There are some further ideas for developing these in the delicious links I’ve been pulling together on the theme of niches. But the parting shot was an interesting take on what might be called LTS’s Extra Special Range (extending the food and supermarket metaphors to breaking point here!). We all tend to work for our customers - as Don Ledingham has put it before, his customers could be students, parents, teachers, lots of different groups depending on the product or outcome and scenario. One of our colleagues, with experience in the retail sector, talked about the customer’s customer, the theory that we are producing things not for the person who is buying the shopping but for the person for whom the good or service is intended. It raises interesting ideas again on the kind of metrics we used to guage success in Glow or of the new Curriculum. It will almost certainly not be on hits, and may not even be on ‘active users’, whatever they might look like.

However, the big question should be: “What has the impact been on a student’s education?” There are new metrics, involving our development officers, Local Authority QIOs, teachers, parents and students even evaluating the impact of the various programmes, pedagogies and tehcniques that have been employed. How, though, can that be filtered through in a meaningful way, so that those charged with trying to make things better still can do so with reliable evidence? Ideas on the virtual postcard? (or just use the comments below). 

Categories: Behind-the-scenes, Glow, Leadership, Learning and Teaching Scotland

Comments

Comment from John
Time: June 17, 2008, 8:16 pm

Hi Ewan,
A facinating post, Inspiration Sessions sound like an idea that could be used at many levels, LA, schools etc. No idea about your measuring question I am afraid, but I enjoyed the video and note that some of us like to make our own sauce.

Comment from Ewan McIntosh
Time: June 17, 2008, 8:18 pm

I’m hoping to find some time in the next few days to share the formula we’re using, and maybe encourage schools to organise their own sessions, at the same time (or at least the same week/month) and join us on our learning journey. Who knows the small innovations that could come out of it?

Comment from Eddie Broadley
Time: June 19, 2008, 9:44 am

Hi Ewan
Very much enjoyed the session and its thought-provoking ideas about niches and local contexts. Completely agree about embedding Glow in every event, stressing the local context of CfE and about interconnecting meetings/events through better approaches to our calendar structures.
As to measuring impact, this is something the AA team are giving serious consideration to so it would be intersting to get a discussion going about this. Keep up the excellent work!

Comment from Julie Watt
Time: June 26, 2008, 1:41 pm

I attended the session and was impressed by the energy and passion in the discussions that emerged. Considering it has been quite a busy year so far and getting close to the time when lots of people start winding down for annual holidays, the staff who were at the session still seemed to have plenty of energy to discuss what could make theirs and their customers customers working/learning lives better.
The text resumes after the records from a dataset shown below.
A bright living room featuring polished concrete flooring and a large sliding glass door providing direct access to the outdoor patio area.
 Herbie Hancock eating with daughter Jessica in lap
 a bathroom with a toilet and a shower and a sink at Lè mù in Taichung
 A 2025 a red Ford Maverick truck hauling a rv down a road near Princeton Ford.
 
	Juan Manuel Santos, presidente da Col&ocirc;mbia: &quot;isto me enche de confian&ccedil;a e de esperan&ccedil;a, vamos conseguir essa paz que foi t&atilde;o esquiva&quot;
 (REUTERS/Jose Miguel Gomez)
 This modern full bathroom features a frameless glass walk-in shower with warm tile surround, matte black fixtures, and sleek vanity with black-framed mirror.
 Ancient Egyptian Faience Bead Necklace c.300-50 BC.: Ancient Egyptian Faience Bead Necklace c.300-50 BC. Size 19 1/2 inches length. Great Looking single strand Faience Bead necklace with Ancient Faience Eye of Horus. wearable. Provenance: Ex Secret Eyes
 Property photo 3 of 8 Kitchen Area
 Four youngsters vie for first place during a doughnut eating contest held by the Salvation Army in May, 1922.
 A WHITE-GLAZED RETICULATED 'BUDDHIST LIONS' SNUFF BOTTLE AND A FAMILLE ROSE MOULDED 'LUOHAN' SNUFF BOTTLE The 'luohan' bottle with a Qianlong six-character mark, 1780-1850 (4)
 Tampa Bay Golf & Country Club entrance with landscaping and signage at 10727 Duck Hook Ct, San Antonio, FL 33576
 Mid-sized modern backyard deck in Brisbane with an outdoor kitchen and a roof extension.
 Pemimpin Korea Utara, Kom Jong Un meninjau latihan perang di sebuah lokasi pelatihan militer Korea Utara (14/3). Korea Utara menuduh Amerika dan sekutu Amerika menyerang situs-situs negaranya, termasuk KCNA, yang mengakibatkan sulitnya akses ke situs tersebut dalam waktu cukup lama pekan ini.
Having sessions like these gives staff the opportunity to discuss/debate more easily than if we had tried to do the same by email or something similar. It was easy to get a feel for how much support from within the room each of the suggestions had and it was also quite easy to work out which ones were likely to be the easiest/quickest to implement and which were likely to give the widest benefit. It was quite a quick way of pulling together an informal action plan.

I am already looking forward to hearing what progress gets made against the actions over time and really looking forward to the next session.

Comment from Ewan McIntosh
Time: June 26, 2008, 4:44 pm

It’s great to have feedback like this, guys, and I hope that we really do see some progress. You’re also reminding me: it’s about time to advertise the next one for the end of July. Maybe it’s an opportunity to invite some teachers along. Being on holiday it might be a rare time they can come in to LTS for a day.

Comment from Stephen
Time: July 9, 2008, 5:19 pm

Great post Ewan and really interesting talk from Malcolm Gladwell, which I have finally got round to watching! Some really interesting ideas in there. A recent article in the Market Research Society’s journal by Mike Cooke and Nick Buckley says researchers need to get more comfortable with ‘imperfect’ sets of data, like the Pepsi data that confronted Howard. They also highlight that individuals are poor reporters of their own prefererences, just like Gladwell says. To find out what people want we need to involve them much more closely in the research process, not just as passive ‘respondents’ but as partners, and as members of groups. I wonder if today Howard could use web 2.0 technology to find out more quickly what people want? Lots for me to think about here.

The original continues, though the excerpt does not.